Now heat some oil in a large pan and add the paste. Cook, stirring, until the mixture becomes aromatic. Then add the chicken and about 3/4ths of the coconut milk. Cook for about 30 minutes or until the chicken is tender (the internal temperature should be at least 165 for breast meat and 175 for thighs and drumsticks).
When the chicken is done, add the rest of the coconut milk and the lemon juice and stir. Serve hot over steamed rice.
I did not do this for my kids because of the whole "handful of chilies" thing. It was pretty spicy, but I used dried super peppers from my summer garden, which are kind of ridiculously hot, so the level of heat really depends on the brand of pepper.
The ayam panggang was really yummy. Martin and I both really enjoyed it. It was very much like an Indian curry, but the lemon made it really tangy and unusual. The next time I make it though (and I will), I'll probably use diced boneless-skinless thighs, which will make it a little simpler to eat. I think it was hard to get the full effect of all that yummy sauce when a lot of it was just left on the plate with the bones.
And the roti, oh my. I don't know how close mine actually came to the authentic stuff, but I made a pretty good go of it and it tasted delicious. It was both crispy and soft, which is an awesome combination in a flat bread.
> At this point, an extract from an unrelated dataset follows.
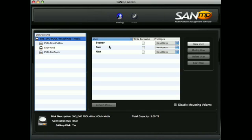We can assign permissions for each volume, or we can select an entire device and assign permissions at that level. So let's give this user full access to all of these volumes.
Like an Indian naan, it was great for scooping up excess sauce, which I wish I'd actually made a lot more of.
So although this isn't a true Christmas Island meal, it was the closest I could come given the general lack of resources on the subject. If I do ever hear back from the owner of Island Dreams Cafe, I'll post the real thing, but in the meantime who cares. I'm not one to criticize a good thing just because it's a little less than genuine.